Corrosive Krag


I just took this round 30-40 Krag (RA 17) from a box of loose military rounds I have had for years. It was sitting on top of the lot with a large fresh liquid puddle of corossion. Figure it would have been dried and done by now but somehow is still actively corroding.



When I was still collecting US Infantry rifles and the web gear that went with them, I bought a Bandoleer of these to fill up a good portion of a Krag 100-round belt I had, for display. I decided it was not a good idea to display the belt with live ammunition in it, so the ammo sat for a couple of years in my house. When I looked at the ammo, so much of it was similar to what you picture that I used the ammunition disposal service at one of the local clubs I belong to so that it would be destroyed. Even the bandoleer itself was ruined.

“Blue Ooze” can be a real problem, everybit as bad as the internal corrosion with German 7.9 steel cases.


Seems to be a regular thing with that round…

Powder was tacky and had that sour odor of things going bad.



Wecome to the club, and just hope it don’t happen to that Krag round that’s worth 2 or 3 hundred bucks.


Two things have happened here.

  1. Age cracking of the neck…due to the fact that the US did not neck anneal brass until the mid 1920s…the Forming of the neck and shoulder was not followed by the typical anneal which colours the neck and shoulder as seen on much military ammo from the 1930s onwards.

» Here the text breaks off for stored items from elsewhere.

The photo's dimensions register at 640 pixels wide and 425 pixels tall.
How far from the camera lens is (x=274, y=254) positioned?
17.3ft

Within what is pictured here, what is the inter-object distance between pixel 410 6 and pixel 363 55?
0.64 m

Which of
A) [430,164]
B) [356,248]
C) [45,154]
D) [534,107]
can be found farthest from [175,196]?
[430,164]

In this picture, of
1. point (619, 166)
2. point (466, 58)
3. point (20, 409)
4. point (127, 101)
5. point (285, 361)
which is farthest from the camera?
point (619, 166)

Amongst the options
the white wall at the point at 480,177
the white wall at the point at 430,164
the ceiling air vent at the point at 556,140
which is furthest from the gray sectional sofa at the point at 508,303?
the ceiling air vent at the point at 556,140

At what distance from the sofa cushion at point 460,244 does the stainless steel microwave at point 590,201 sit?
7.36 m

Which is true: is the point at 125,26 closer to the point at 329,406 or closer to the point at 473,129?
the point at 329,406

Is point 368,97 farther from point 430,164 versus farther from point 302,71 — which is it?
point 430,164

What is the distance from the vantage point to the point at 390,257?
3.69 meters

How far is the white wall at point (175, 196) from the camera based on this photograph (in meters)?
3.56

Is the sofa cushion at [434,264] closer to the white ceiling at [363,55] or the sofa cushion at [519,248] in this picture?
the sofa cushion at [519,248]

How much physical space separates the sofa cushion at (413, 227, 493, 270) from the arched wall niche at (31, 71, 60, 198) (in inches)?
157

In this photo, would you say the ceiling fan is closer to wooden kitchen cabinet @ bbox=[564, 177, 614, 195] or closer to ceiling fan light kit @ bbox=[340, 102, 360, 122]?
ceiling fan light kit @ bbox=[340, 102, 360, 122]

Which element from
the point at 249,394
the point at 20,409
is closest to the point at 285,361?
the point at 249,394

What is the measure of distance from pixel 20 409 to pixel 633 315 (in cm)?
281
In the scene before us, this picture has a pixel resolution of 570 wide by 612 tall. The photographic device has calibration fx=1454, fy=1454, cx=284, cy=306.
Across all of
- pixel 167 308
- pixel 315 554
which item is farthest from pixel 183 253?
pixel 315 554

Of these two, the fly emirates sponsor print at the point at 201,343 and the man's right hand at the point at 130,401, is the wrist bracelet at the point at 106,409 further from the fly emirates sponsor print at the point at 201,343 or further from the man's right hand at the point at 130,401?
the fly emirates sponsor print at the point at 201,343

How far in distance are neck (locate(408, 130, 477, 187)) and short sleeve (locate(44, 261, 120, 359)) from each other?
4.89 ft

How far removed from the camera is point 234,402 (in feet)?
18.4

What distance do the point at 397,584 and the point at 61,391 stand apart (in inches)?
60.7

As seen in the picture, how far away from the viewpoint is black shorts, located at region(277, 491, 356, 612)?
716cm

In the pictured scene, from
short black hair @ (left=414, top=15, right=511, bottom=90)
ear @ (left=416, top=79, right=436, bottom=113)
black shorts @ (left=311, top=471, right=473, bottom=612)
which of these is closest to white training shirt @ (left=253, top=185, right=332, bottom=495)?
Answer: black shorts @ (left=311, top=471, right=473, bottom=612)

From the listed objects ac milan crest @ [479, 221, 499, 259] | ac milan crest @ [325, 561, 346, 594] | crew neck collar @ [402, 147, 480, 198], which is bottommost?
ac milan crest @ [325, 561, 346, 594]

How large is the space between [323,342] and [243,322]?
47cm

  2. Moisture from the atmosphere as well as moisture produced by the deterioration of the Powder ( along with Nitric acid formed by the breakdown of Nitrocellulose, ) has caused the blue-green Nitrate/Oxide corrosion of the brass, from the inside out. An analysis of the “ooze” will show all these components ( a good High School Science Lab experiment). The Bullet base (lead) will also be corroded into White Lead Oxide and Nitrate ( coloured by the Copper compounds)

The only solution ( no pun intended) is to pull the bullet, dump the powder, wash the case out with warm vinegar followed by hot water, dry, and re-assemble.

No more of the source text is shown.